As you reproduce every line below, keep it exactly as written and leave out the images.
/---
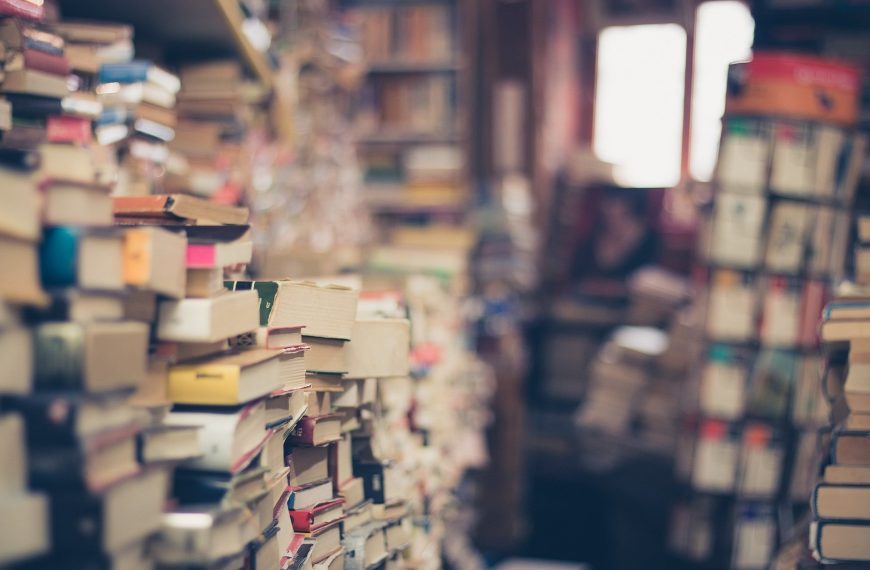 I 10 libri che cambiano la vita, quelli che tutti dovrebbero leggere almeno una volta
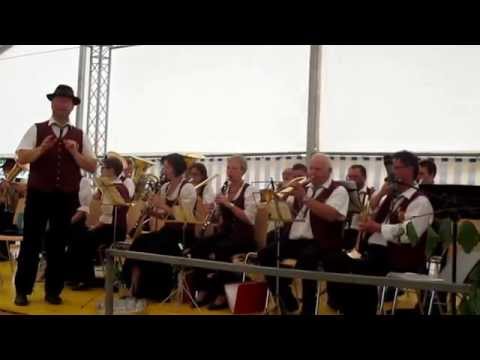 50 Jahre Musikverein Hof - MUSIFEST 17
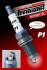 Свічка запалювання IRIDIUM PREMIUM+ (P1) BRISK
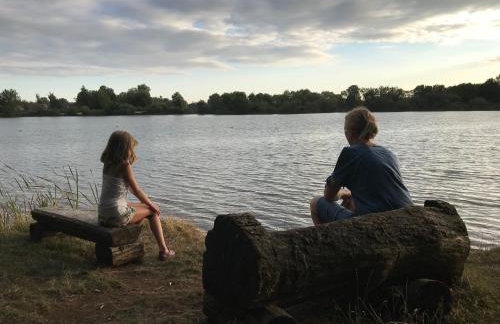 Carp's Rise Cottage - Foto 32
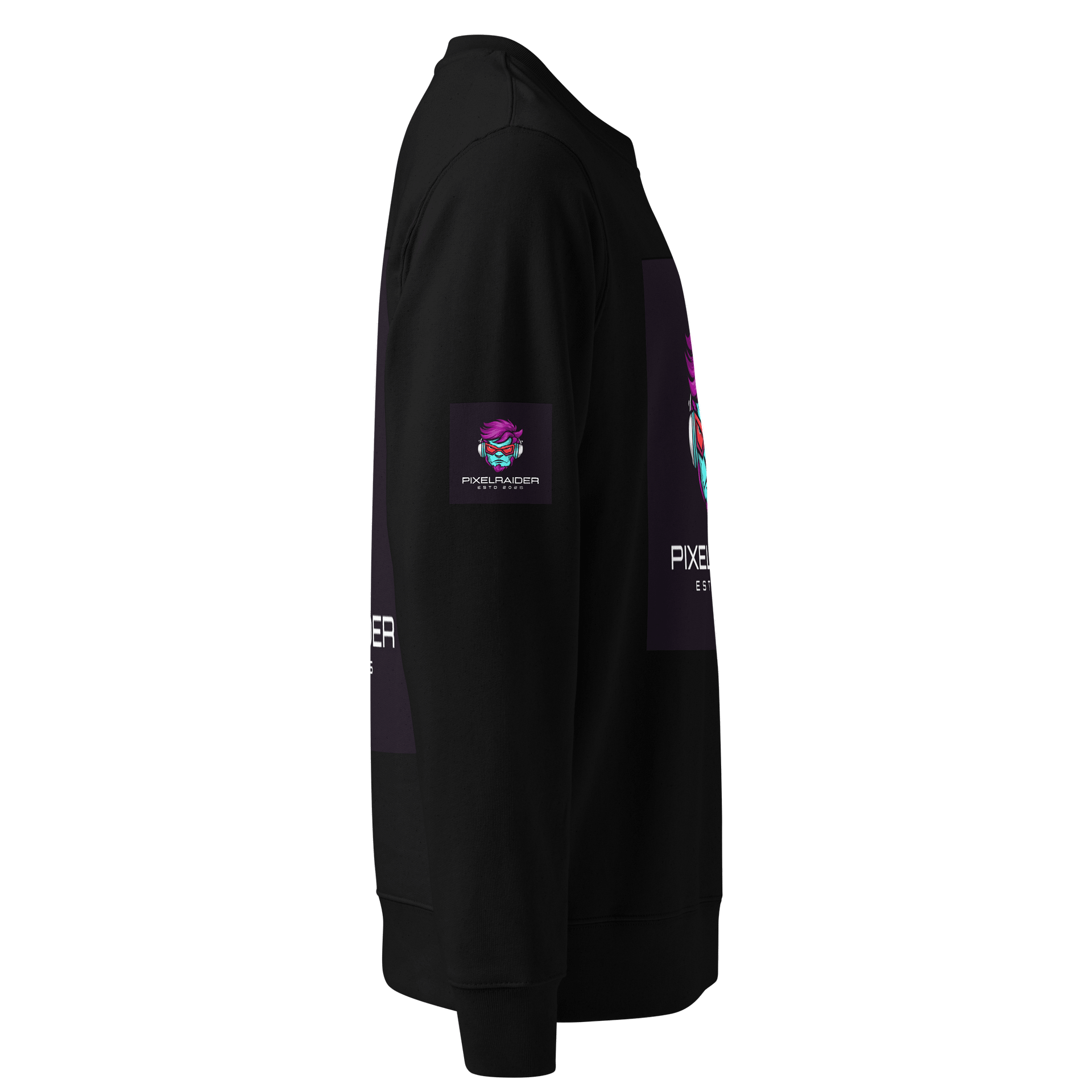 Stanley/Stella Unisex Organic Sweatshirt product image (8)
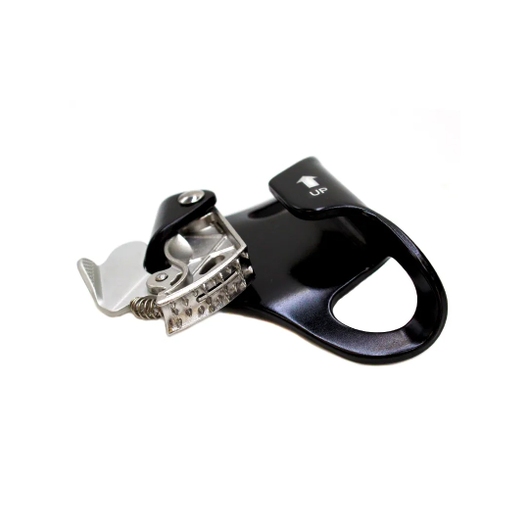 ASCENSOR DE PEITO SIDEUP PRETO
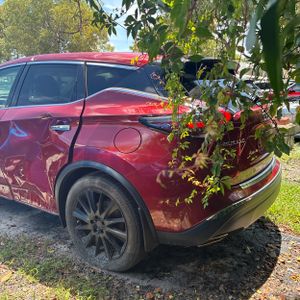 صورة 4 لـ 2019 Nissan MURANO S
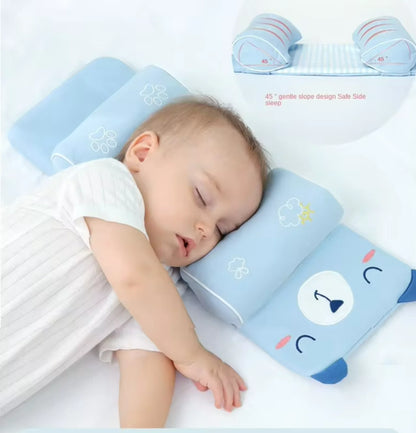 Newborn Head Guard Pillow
\---
- [WRITTEN REPLY]:
 I 10 libri che cambiano la vita, quelli che tutti dovrebbero leggere almeno una volta
 50 Jahre Musikverein Hof - MUSIFEST 17
 Свічка запалювання IRIDIUM PREMIUM+ (P1) BRISK
 Carp's Rise Cottage - Foto 32
 Stanley/Stella Unisex Organic Sweatshirt product image (8)
 ASCENSOR DE PEITO SIDEUP PRETO
 صورة 4 لـ 2019 Nissan MURANO S
 Newborn Head Guard Pillow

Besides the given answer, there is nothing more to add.